Beth Comstock, Vice-chair of GE, once said “...good marketing essentials are the same. We are all emotional beings looking for relevance, context and connection.”
It will be hard to find a more succinct reasoning for the importance of understanding behavioural marketing.
What is behavioural marketing?
Simply put, behavioural marketing is serving targeted advertisements or content to consumers based on their past actions, preferences and behaviour patterns. The idea, of course, is that if the content or the ads are more relevant to the user, there is higher chance of conversion. Sounds simple? In theory yes but in practice it gets much more complicated.
A clear understanding of customer behaviour can only come from a multi-disciplinary approach. The marketer must be willing to understand not just audience psychology and user behaviour but also must be able to figure out the technicalities of constructing user profiles and conducting audience research.
User profiles are constructed using a variety of tools including website analytics, search and browsing histories, IP addresses, cookies, app data etc. Once this data is obtained and analysed, advertisements and content are targeted accordingly. Behavioural marketing, thus is a lot of effort. But experts believe in this case the effort often pays off.
Examples of behavioural marketing
For instance if a consumer often visits apparel websites, targeted ads can offer him specific discounts, coupons and offers related to the kind of clothing he is looking for. This can be done in a variety of ways such as email marketing, retargeting and even product suggestions in the websites he visits. These strategies can be used as a stand-alone ploy or combined with other marketing plans for a greater effect.
Behavioural marketing strategies
Now that we understand its importance, let us examine some ways in which behavioural marketing can be put into practice.

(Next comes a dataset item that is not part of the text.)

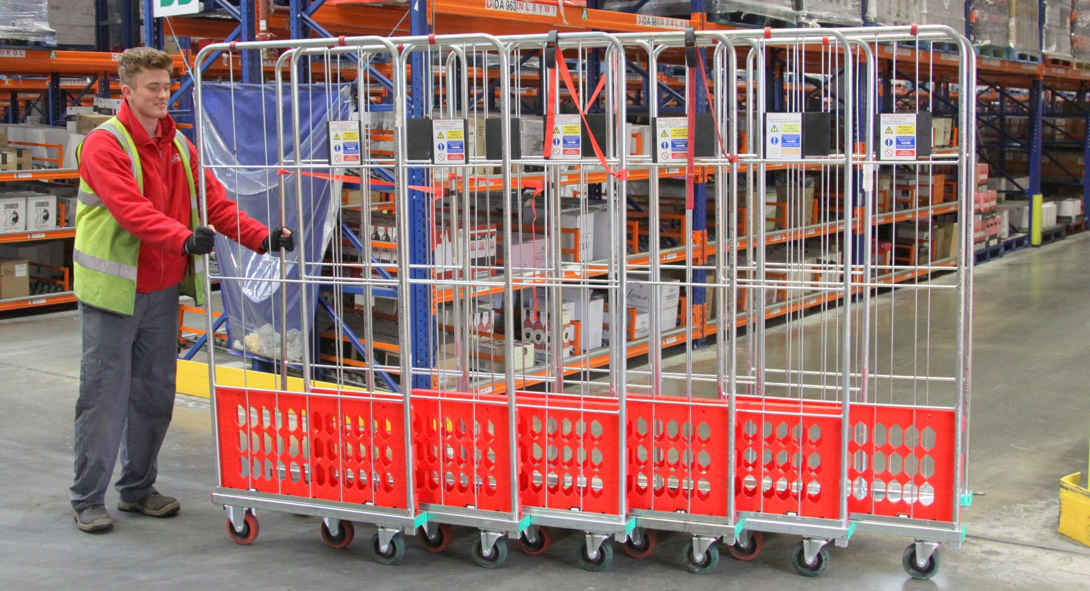 A man pushing industrial trolleys with bolt hole castors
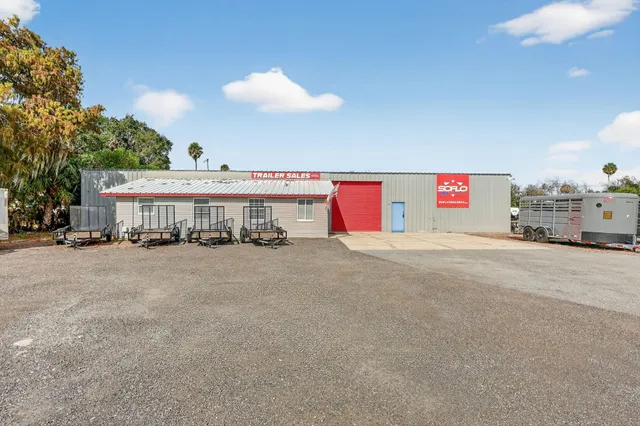 a view of swimming pool with a yard and seating area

- Get the data right: The right data is crucial for behavioural marketing to succeed. If you don't know your audience and where their interests and preferences lie, your targeting will be irrelevant and perhaps even off-putting. Data can be obtained from a variety of sources and tools including Google Analytics and other programs like Mouseflow, Clicktale and others that track your users' movements on your website.
- Define your target: When it comes to targeted content, goal setting is as important as knowing your audience. When defining goals, make sure you have analysed the main purpose of your targeting. Are you doing it to increase your traffic? Do you want to attract new customers? Are you trying to increase your brand value? Clearly understanding these factors will help you create customer segments, measure and track expectations and conversions.
- Track your customers: There are many tools available online that can help you find people whose interests are related to your business. With these tools, you can track these users' interests, preferences and habits. Another way of understanding customer behaviour is to follow them on social media. Of course, it is also advisable to do detailed backroom tracking with the help of tracking codes.
Benefits of behavioural marketing
The benefits of behavioural marketing are many, the foremost being:
- Efficiency: Tailored messages have higher chance of positive response and also ensure your adspend is judicious.
- Relevancy: Digital marketing is all about being relevant to the user and if your content can understand what is useful and relevant for your user, then there is nothing like it.
- Access to data: As part of your behavioural marketing strategy, you get to access a huge amount of audience data consistently -- data which can be used to great advantage to improve other aspects of your business.